Словом, атмосфера стала нестерпимой.
У Иманта К., как и у всякого из нас, конечно же, были свои недостатки, однако его никоим образом нельзя назвать человеком склочным. И услыхав, что на него уже написана жалоба в исполком, он, несколько варьируя предпринятую в прошлом авантюрную акцию, под покровом темноты отнес в мешке Принцессу с ее последним пометом в соседний микрорайон и там в каком-то мрачном дворе выпустил. Здесь надо добавить, что он не думал тут останавливаться, но хотел, пожертвовав хотя бы и целую ночь, оттащить всю семерку как можно дальше, однако содержимое мешка пищало и визжало так громко, что он стал опасаться привлечь внимание дружинников и зашел в первые же подходящие ворота.

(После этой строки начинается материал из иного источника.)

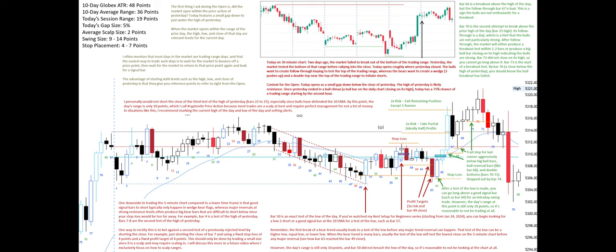Bar 66 is a breakout above the high of the day, but the follow-through bar 67 is bad — a sign the bulls are not enthusiastic for a breakout. Bar 70 is the second attempt to break above the prior high of the day at bar 25. Its follow-through is a doji, which hints the bulls are not particularly strong. After follow-through, the market will either produce a breakout test within 1-2 bars or produce a big bull bar closing on its high indicating the bulls are strong. Bar 72 did not close on its high, so you cannot go long above it. Bar 73 is the start of a breakout test. By bar 76, a close below the high of yesterday, you should know the bull breakout has failed.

Шестерку малышек он видел в тот вечер в последний раз, а встретиться с Принцессой было ему суждено. Осенней порой она вновь увязалась за ним невдалеке от сквера, и опять поначалу он ее совсем не узнал. Ее шубка выглядела свалявшейся и грязной, и в том месте, где еще недавно был синий сияющий левый глаз, в залипшей шерсти гноилась только дырка. Когда кошка стала молча ластиться к ногам Иманта К., опять извозив ему брюки, он шарахнулся от нее как от чумы, ибо в душе был эстетом.
— Где ты была и что делала? — спросил он, в ужасе глядя на то, что сам некогда назвал Принцессой.
Но веко над единственным глазом кошки, оберегая ее прошлое и ее мир, не опустилось. Взгляд был насмешливо устремлен прямо в лицо Иманту К.
Он отступил еще дальше и пошел прочь. Она бежала следом до парадной двери, которую тот захлопнул у нее перед носом, и, прыгая через ступеньку, бросился наверх, однако, взбежав до третьего этажа, запыхался и, переводя дух, глянул в окно лестничной клетки. Принцесса сидела внизу и пялилась наверх. Даже расстояние не делало ее вид приглядней. Скорей уж наоборот. Там, далеко-далеко внизу она казалась еще более жалкой.
Такая пушистая шерсть, как у нее, была под стать только кошке, которая живет в чистой квартире, заботливо себя холя, и изредка из спортивного интереса поймает какую-нибудь особенно чистоплотную мышь. И она была ни к чему твари, проводящей дни в подвалах с каменным углем и по ночам кормящейся отбросами. Шуба, которая некогда была ее украшением, теперь стала ее бичом: она не в силах была вычистить из нее ни мусор, ни сажу, ни блох, которыми ее наградила беспризорная жизнь на свалке цивилизации. К слову сказать, пока гноился и болел погубленный глаз, она не мылась совсем и стала даже вонять. Если раньше на нее смотрели с восторгом, то теперь она внушала отвращение.